Figure 5. XR7620 Offline Performance results on A30 GPU
XR7620 was also tested with NVIDIA A30 GPU for the entire range of MLPerf workloads in the Single Scenario. See Figure 6.
Figure 6. XR7620 SS Performance results on A30 GPU
In some scenarios, next generation Dell PowerEdge servers showed improvement over previous generations, due to the integration of the latest technologies such as PCIe Gen 5.
Speech to text
The Dell XR7620 delivered better throughput by 16%, as compared to the prior generation Dell server. See Figure 7
Figure 7. Offline Speech to Text performance improvement on XR7620
Image Classification
The Dell XR7620 delivered better latency by 45%, as compared to the prior generation Dell server. See Figure 8.

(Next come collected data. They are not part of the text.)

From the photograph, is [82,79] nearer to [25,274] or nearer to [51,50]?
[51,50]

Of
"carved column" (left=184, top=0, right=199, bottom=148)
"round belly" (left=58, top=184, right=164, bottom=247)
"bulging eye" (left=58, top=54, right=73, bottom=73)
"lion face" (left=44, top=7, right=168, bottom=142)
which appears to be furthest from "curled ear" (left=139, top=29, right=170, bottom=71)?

Figure 8. SS Image Classification performance improvement on XR7620
Conclusion
The Dell XR portfolio continues to provide a streamlined approach for various edge and telecom deployment options based on various use cases. It provides a solution to the challenge of small form factors at the edge with industry-standard rugged certifications (NEBS), with a compact solution for scalability and flexibility in a temperature range of -5 to +55°C. The MLPerf results provide a real-life scenario on edge inferencing for servers on AI inferencing. Based on the results in this document, Dell servers continue to provide a complete solution.
References
Notes:
- Based on testing conducted in Dell Cloud and Emerging Technology lab, January 2023. Results to be submitted to MLPerf in Q2,FY24.

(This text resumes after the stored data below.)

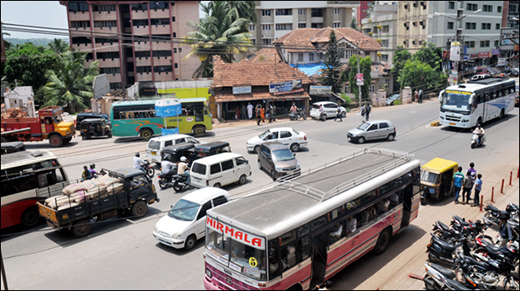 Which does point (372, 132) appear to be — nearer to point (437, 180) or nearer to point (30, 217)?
point (437, 180)

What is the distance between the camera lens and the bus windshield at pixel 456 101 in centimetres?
2657

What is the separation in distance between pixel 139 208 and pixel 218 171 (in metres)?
3.94

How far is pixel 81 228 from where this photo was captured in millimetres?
13289

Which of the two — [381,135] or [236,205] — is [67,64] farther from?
[236,205]

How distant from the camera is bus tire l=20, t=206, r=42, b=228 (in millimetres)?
13992

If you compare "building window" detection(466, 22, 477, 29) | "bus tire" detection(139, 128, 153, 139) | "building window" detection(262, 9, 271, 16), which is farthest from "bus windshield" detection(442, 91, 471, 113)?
"building window" detection(262, 9, 271, 16)

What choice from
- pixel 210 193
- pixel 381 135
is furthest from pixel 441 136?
pixel 210 193

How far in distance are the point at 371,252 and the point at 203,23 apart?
126 ft

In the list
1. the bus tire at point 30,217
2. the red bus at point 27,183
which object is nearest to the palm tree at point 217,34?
the red bus at point 27,183

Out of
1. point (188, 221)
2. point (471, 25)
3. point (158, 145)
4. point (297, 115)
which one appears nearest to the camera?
point (188, 221)

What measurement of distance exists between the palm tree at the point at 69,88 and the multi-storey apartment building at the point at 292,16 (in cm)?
3203

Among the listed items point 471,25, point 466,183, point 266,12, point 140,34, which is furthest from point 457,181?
point 471,25

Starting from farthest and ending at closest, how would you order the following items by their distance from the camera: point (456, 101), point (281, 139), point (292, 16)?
point (292, 16) → point (456, 101) → point (281, 139)

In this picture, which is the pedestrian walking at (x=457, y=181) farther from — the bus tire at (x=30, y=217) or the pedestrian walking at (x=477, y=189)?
the bus tire at (x=30, y=217)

- Unverified MLPerf v2.1 Inference. Results not verified by MLCommons Association. MLPerf name and logo are trademarks of MLCommons Association in the United States and other countries. All rights reserved. Unauthorized use strictly prohibited. See www.mlcommons.org for more information.
[1] Based on testing conducted in Dell Cloud and Emerging Technology lab, January 2023.